What are the pro's and con's of consumer SSDs vs. fast 10-15k spinning drives in a server environment? We cannot use enterprise SSDs in our case as they are prohibitively expensive. Here's some notes about our particular use case:
- Hypervisor with 5-10 VM's max. No individual VM will be crazy i/o intensive.
- Internal RAID 10, no SAN/NAS...
I know that enterprise SSDs:
- are rated for longer lifespans
- and perform more consistently over long periods
than consumer SSDs... but does that mean consumer SSDs are completely unsuitable for a server environment, or will they still perform better than fast spinning drives?
Since we're protected via RAID/backup, I'm more concerned about performance over lifespan (as long as lifespan isn't expected to be crazy low).
Note: This answer is specific to the server components described in the OP's comment.
Also see: Are SSD drives as reliable as mechanical drives (2013)?
Yes, the SSDs will be way faster than the SAS drives. For sequential throughput, a good RAID of SAS drives might do pretty well, but for random access, the SSDs will blow them out of the water which can result in a very noticeable performance difference.
Depending on the particular SAS drives and the particular SSD drives, the SSDs may have a better unrecoverable read error rate by up to a factor of 10.
Some tips for if you do use consumer SSD drives:
Consumer grade SSDs will work fine in many servers for use cases.
They are way, way faster then SAS disks.

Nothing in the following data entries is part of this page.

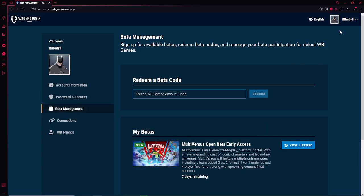Yo, what's up everyone? In this video, I'm going to be showing you how to redeem your beta code for Multiverses, which is a new fighting game made by Warner Brothers.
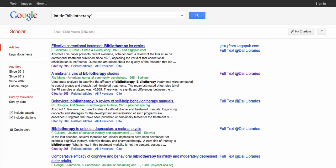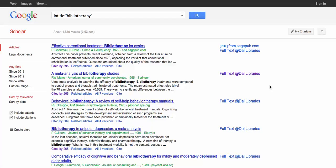You will notice that the articles are quite dated, because Google Scholar primarily ranks journal articles based on the number of citations they receive from other articles. You can also sort your results by date, and the results will display the most recent articles published on this topic.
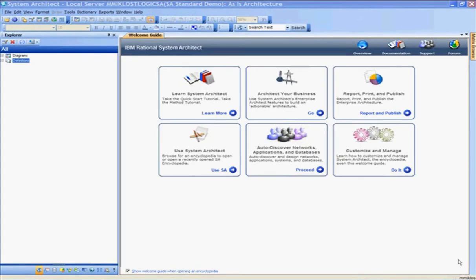This is the System Architect Standard Demo for System Architect version 11.3. This demonstration is to go alongside the System Architect Standard Demo script, and it is assumed that this demo is done after the standard System Architect for Enterprise Architecture sales presentation.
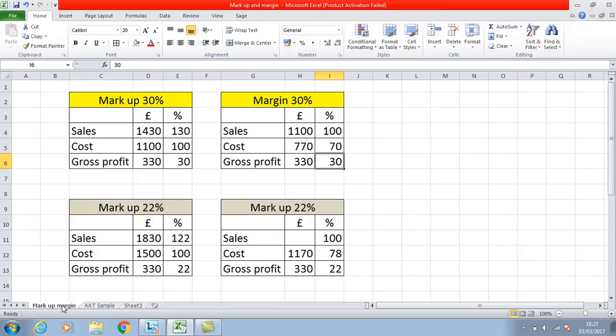Just to summarize: if you've got markup, work out from the table — a markup of 30% means your sales figure is 130% because your cost is 100%. For margin, remember it's your sales that's 100% and your cost will be whatever percentage is needed. I hope that helps.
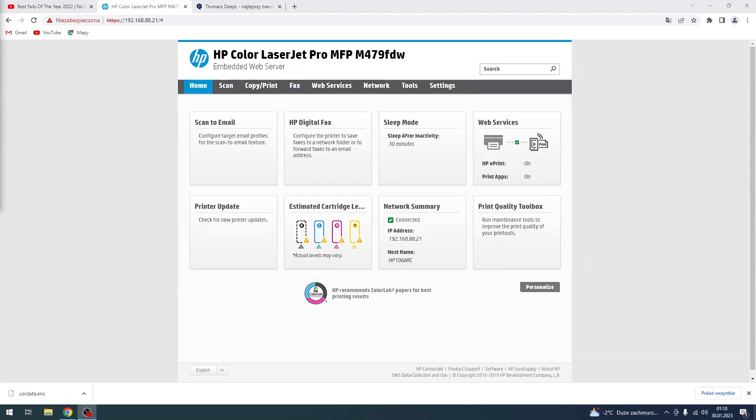Hi, welcome to Hard Reset Info channel. The viewers, in front of me is an HP Color Laser Jet Pro device, and now I'm going to show you how to enable or disable manual feed on this device.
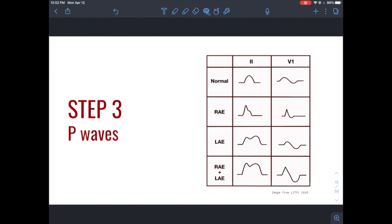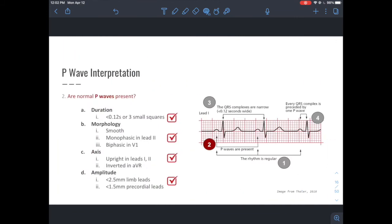Step three is P waves. The key questions are: duration — about three small squares; is it a smooth positive deflection; and is there a QRS complex that follows every P wave? That one-to-one relationship confirms normal conductance patterns from the SA node and atria into the AV node before reaching the ventricles.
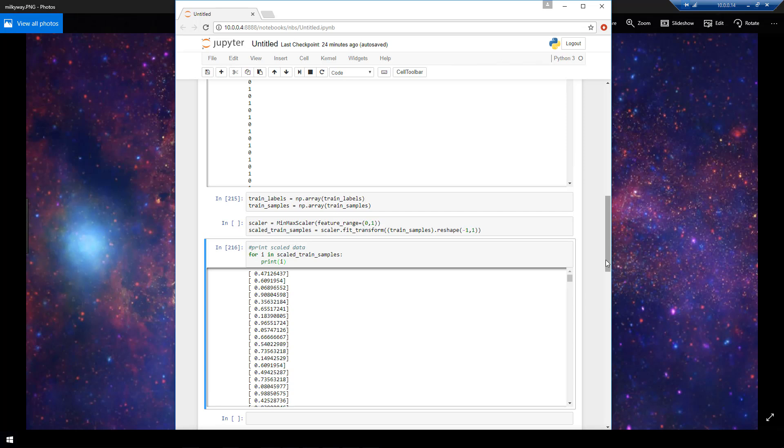So at this point, we have generated some sample raw data. We have got it in the format that Keras needs to train on. And then we took it one step further and processed that data by scaling it or transforming it into numbers that were between 0 and 1. So that the net would be able to make more accurate predictions on the data.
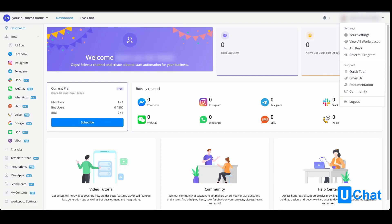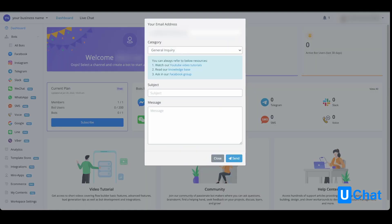From here, you will be able to press the email us button. And once doing so, you will see this pop up. You will be able to select your category — either general inquiry, bug report, feature request, or billing.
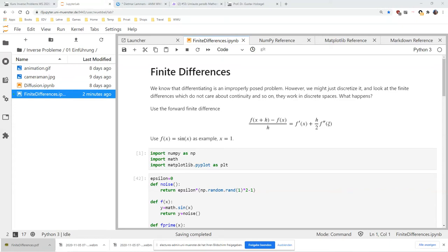We proved that differentiation is an improperly posed problem, but you might argue it's improperly posed as an operator between two function spaces. When we get down to the computer and do computations, everything is discretized. So we have operators between finite dimensional vector spaces. Differentiation is linear, and between finite dimensional vector spaces, linear operators are always continuous. So if we discretize everything, we get continuous functions — maybe all problems go away when we just discretize.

I'd suggest the reason to get enterprise disks over consumer disks is not the speed, its the read-write cycles and better engineering - for example supercaps are present in some enterprise SSD's where the consumer grade version does not have this - if you loose power to the server your data is less likely to be killed.
You need to be aware that RAID is not backup - if you are going to RAID a couple of SSD's thats fine, but get different brands of SSD's, or at least different models so they have different performance characteristics. WHEN SSD'S DIE THEY ARE WAY MORE LIKELY TO DO SO WITHOUT WARNING, AND NO ABILITY TO PULL DATA OFF - on the flip side they are 10x as reliable as regular hard disks.

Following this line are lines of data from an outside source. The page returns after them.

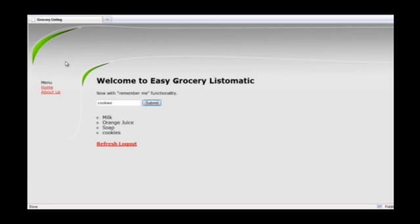For some reason, while still logged in, he opens up another browser tab to browse the web.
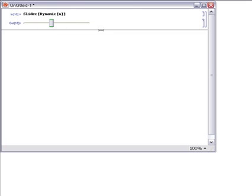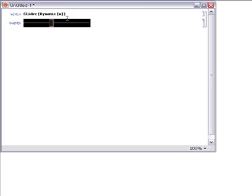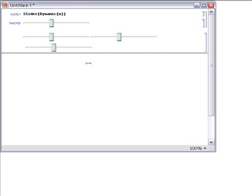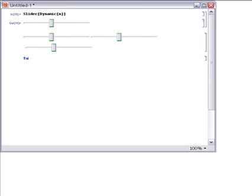But because we're in the Mathematica notebook environment here, we can also do things like copy and paste it. So I can copy, paste, make multiple copies. I can also, for example, use that as input.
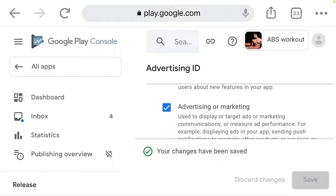Then click Save. If your app targets the appropriate API, it will automatically save and the updates will be applied. Thanks for watching this video. If you enjoyed it, please subscribe to this channel, like the video, and share it with your friends. Thanks for watching — stay safe, take care, and remain blessed.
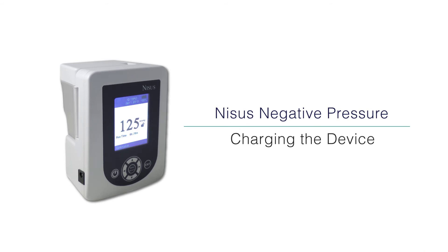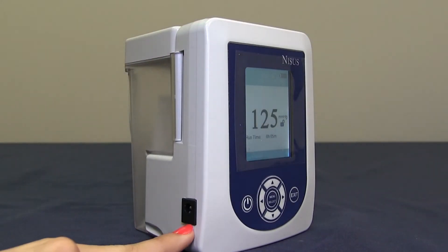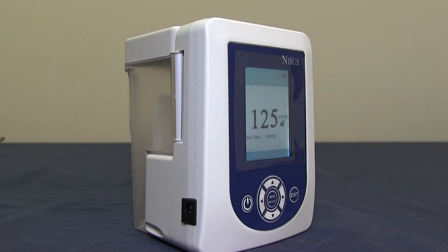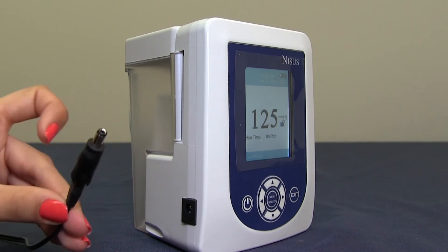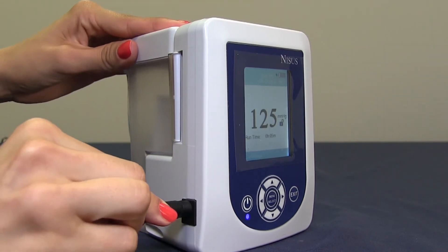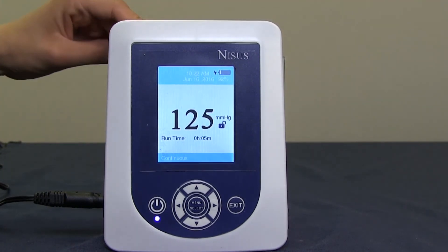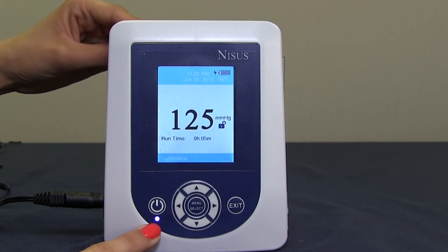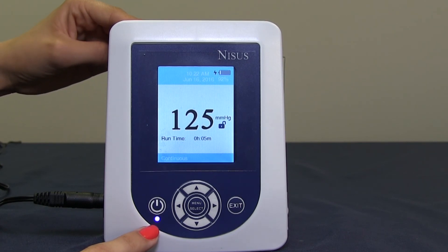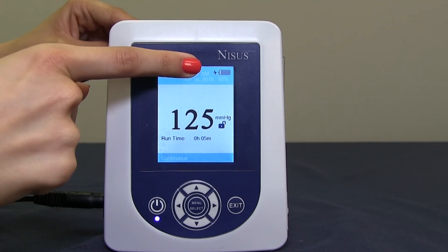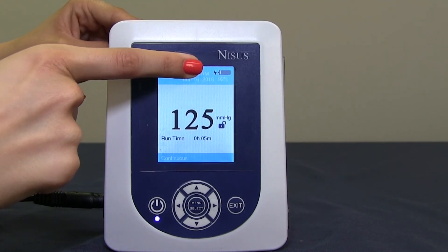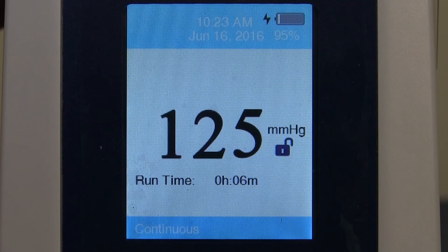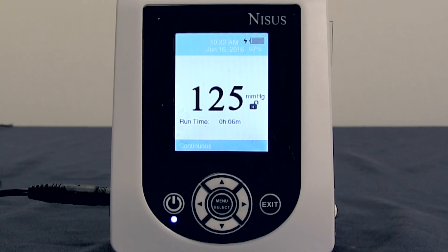To charge your device, locate the charging port, take your charging plug, and plug the device into the battery charger. Now you will see the blue light, which will indicate that your device is plugged into a power outlet. You will also see the lightning bolt displayed next to the battery indicator, which indicates that your device is charging. Once your device reaches 100% of battery life, the lightning bolt will disappear, but the blue light will stay illuminated.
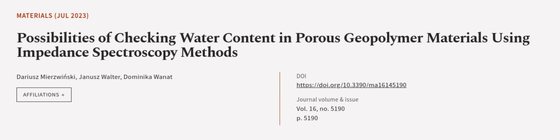This article was authored by Dariusz Mirzwinski, Janusz Walter, and Dominika Wanat. Wearearticle.tv, links in the description below.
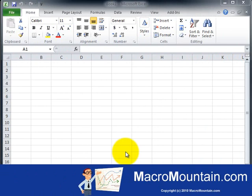This video demonstrates how to begin working with macros in VBA and Microsoft Excel 2010.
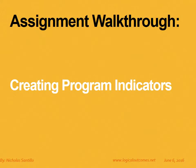Hello and welcome to this assignment walkthrough video for the DHIS2 curriculum developed by Logical Outcomes. My name is Nicholas Santillo, and in this video I'm joined by Georgie Chakaroff. Together we look at the difference between program indicators and indicators, focusing on program indicators.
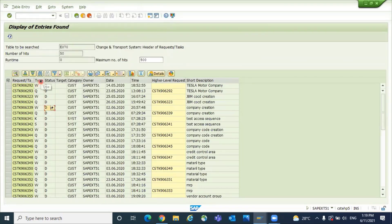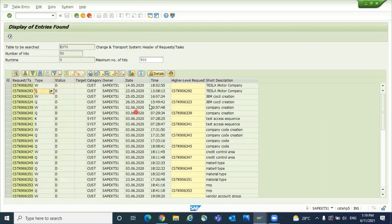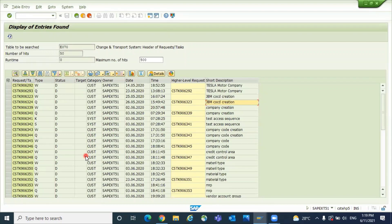And the type also: workbench or customized. The details you can see, and when it was updated. Those details you can see here: the date, the TR description. So in E070 you can check to see the list of TRs by owner ID. Thanks so much.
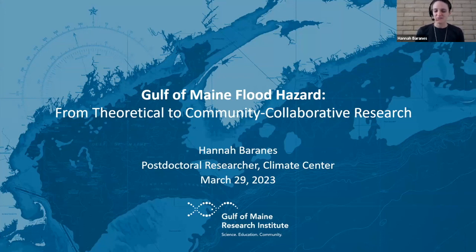Thanks again everyone for being here. My name is Hannah Baranis, and we're going to be talking about flood hazard in the Gulf of Maine.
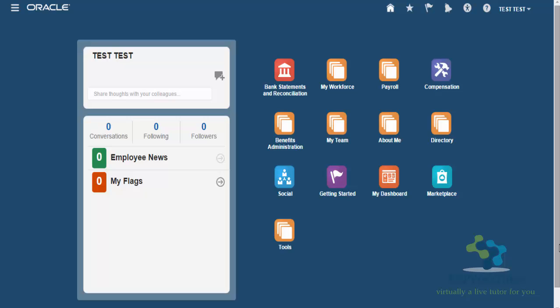Hello and welcome to erpwebtutor.com. We are back again with one more edition of the Fusion Tidbit videos. In today's video, we are going to show you how to use the payroll batch loader to mass upload elements for employees.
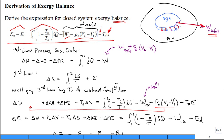We start with the system expanding into the environment and producing useful work out of the combined system plus the environment. Applying the first law for the system only: the change in internal energy, kinetic energy, and potential energy equals the sum of all heat transfers into the system minus work. That work is the combination of useful work and the boundary expansion work against P naught.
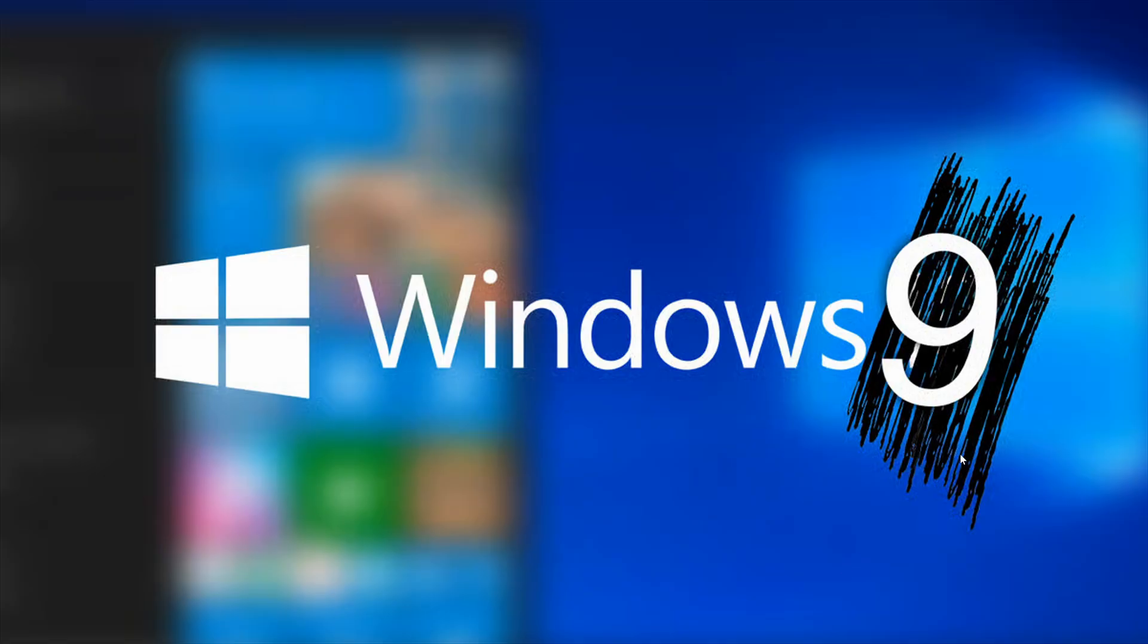What happened to Windows 9? Why is it that Microsoft decided to jump from 8.1 to Windows 10?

Look into the Samsung 850 series disks - at least for 1/2 the array - they are/were prosumer and offer good bang for buck, and are touted as being more reliable then 2d nand. (They use 3d nand).
Also, as someone else mentioned, don't do RAID5. Drives hold to much for it to work reliably - and back up your data.
Even consumer-grade SSDs are much faster than the faster 15k HDDs, so from a performance standpoint they will be fine (if using the right disk and if overprovisioning them), but you had to carefully pick them, especially due to how they interact with hardware-based RAID controller...
If you are using them for writes, to avoid data corruption in the event of power failure you need to make sure that you only consider models with a supercap. Eg. Intel S3500, Samsung 845DC Pro
Otherwise consumer SSDs are more suited to caching.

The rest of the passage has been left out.